**WHAT YOU HAVE TO DO:** Beginning with the line that holds "EXCLUSIVITÉ – TERRAIN" and finishing with the line that holds "A leader does", repeat the listing exactly, leaving every picture out.

(DATA SUPPLIED begins)

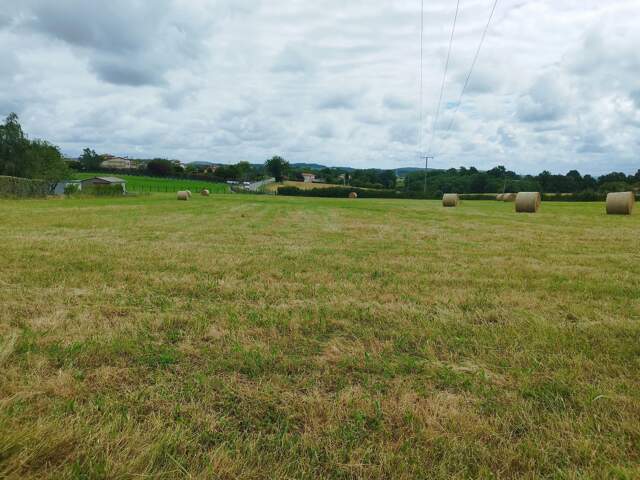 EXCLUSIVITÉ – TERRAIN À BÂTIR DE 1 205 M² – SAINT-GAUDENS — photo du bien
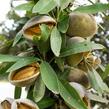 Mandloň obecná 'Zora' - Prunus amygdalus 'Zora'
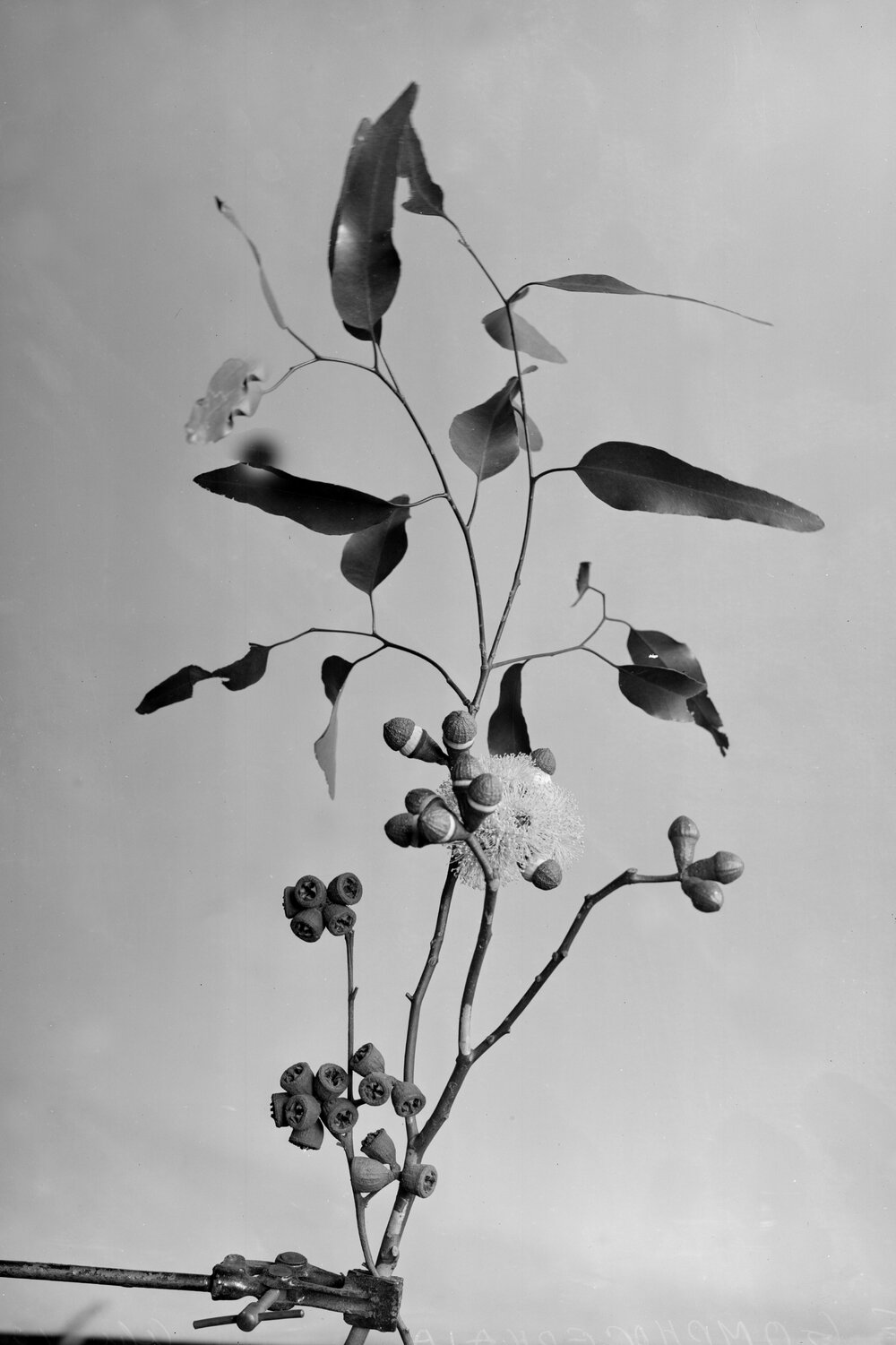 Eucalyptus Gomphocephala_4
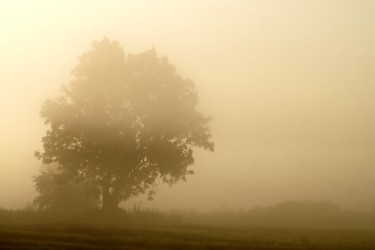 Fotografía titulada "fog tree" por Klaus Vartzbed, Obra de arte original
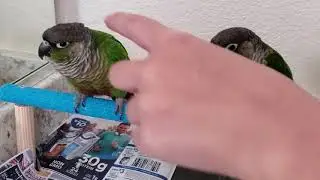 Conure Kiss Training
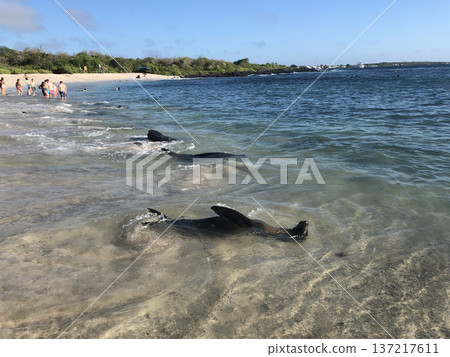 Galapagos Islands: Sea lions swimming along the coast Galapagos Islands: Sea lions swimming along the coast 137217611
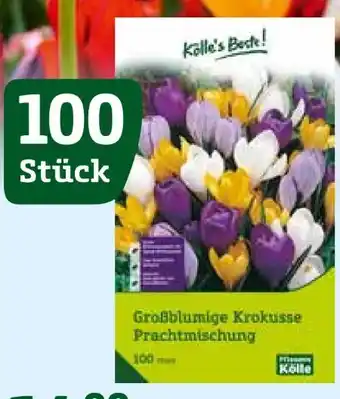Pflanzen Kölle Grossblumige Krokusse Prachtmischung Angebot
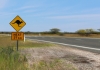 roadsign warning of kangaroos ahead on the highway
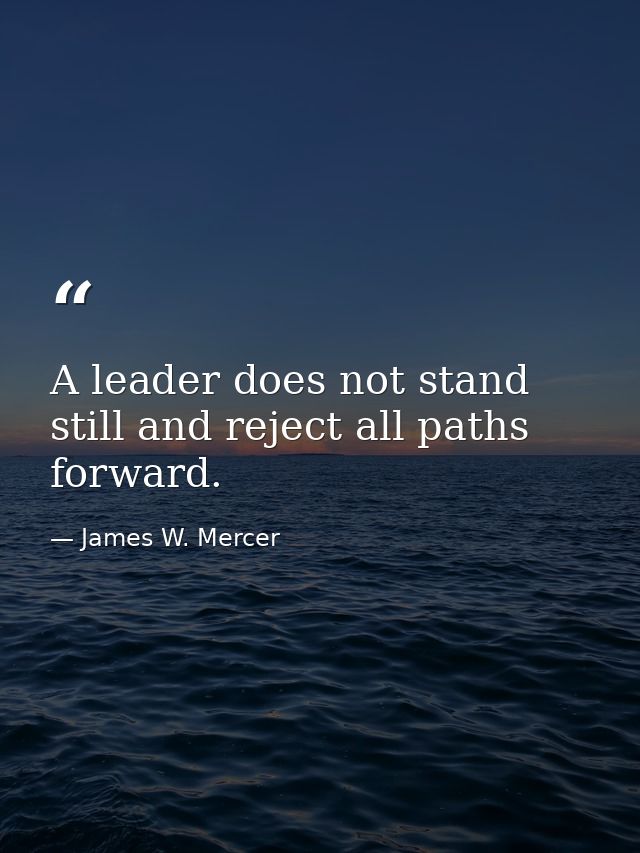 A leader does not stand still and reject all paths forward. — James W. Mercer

(DATA SUPPLIED ends)
(DATA SUPPLIED begins)

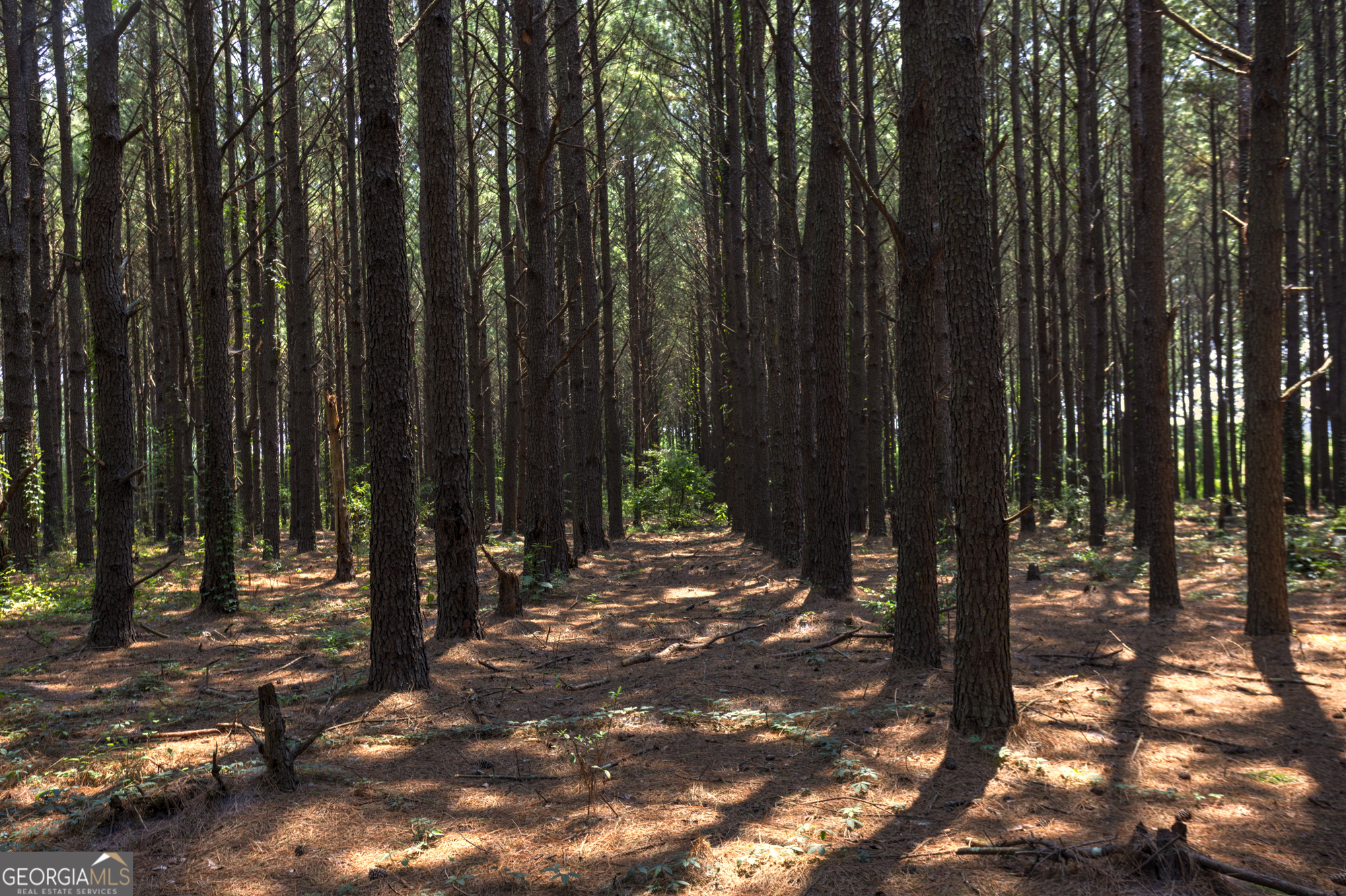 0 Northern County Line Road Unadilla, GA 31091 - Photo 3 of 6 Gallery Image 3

(DATA SUPPLIED ends)

**SOLVED PROBLEM:**
 EXCLUSIVITÉ – TERRAIN À BÂTIR DE 1 205 M² – SAINT-GAUDENS — photo du bien
 Mandloň obecná 'Zora' - Prunus amygdalus 'Zora'
 Eucalyptus Gomphocephala_4
 Fotografía titulada "fog tree" por Klaus Vartzbed, Obra de arte original
 Conure Kiss Training
 Galapagos Islands: Sea lions swimming along the coast Galapagos Islands: Sea lions swimming along the coast 137217611
Pflanzen Kölle Grossblumige Krokusse Prachtmischung Angebot
 roadsign warning of kangaroos ahead on the highway
 A leader does not stand still and reject all paths forward. — James W. Mercer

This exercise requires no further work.